ACTION ITEM >>
Reproduce the listing word for word, leaving every picture behind.

STORED DATA >>
- - - - - - -

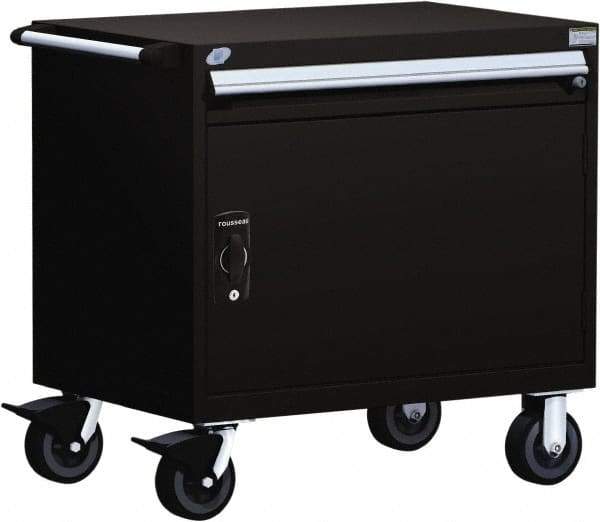 Rousseau Metal - 1 Drawer Steel Tool Roller Cabinet - 36" Wide x 35-1/8" High x 18" Deep, Ball Bearing Drawer Slides, Black - Americas Industrial Supply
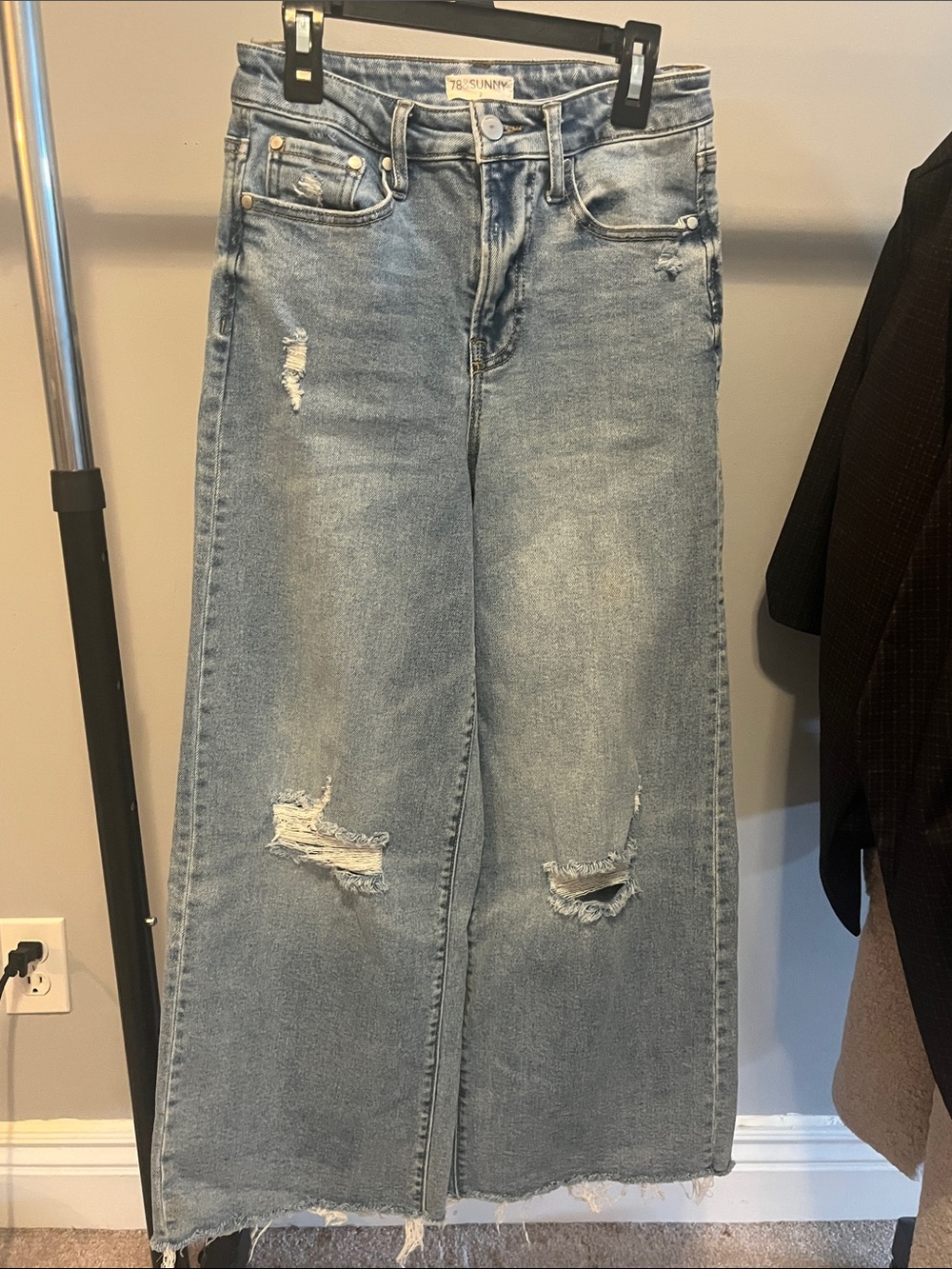 78&Sunny High-Rise Distressed Wide Leg Jeans - Light Blue
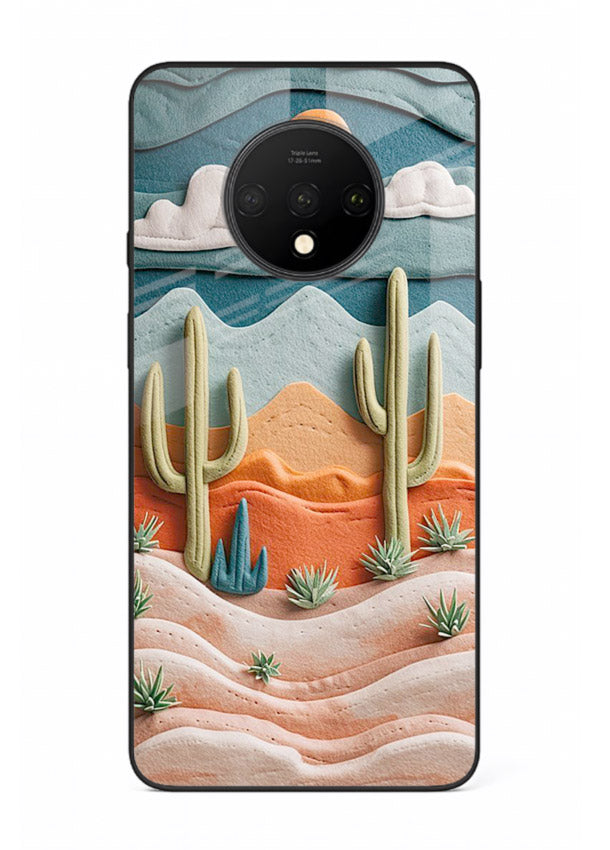 Desert Cactus Sunset cactus desert sunset artwork OnePlus 7T glass back cover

- - - - - - -

RESULT OF THIS TASK >>
 Rousseau Metal - 1 Drawer Steel Tool Roller Cabinet - 36" Wide x 35-1/8" High x 18" Deep, Ball Bearing Drawer Slides, Black - Americas Industrial Supply
 78&Sunny High-Rise Distressed Wide Leg Jeans - Light Blue
 Desert Cactus Sunset cactus desert sunset artwork OnePlus 7T glass back cover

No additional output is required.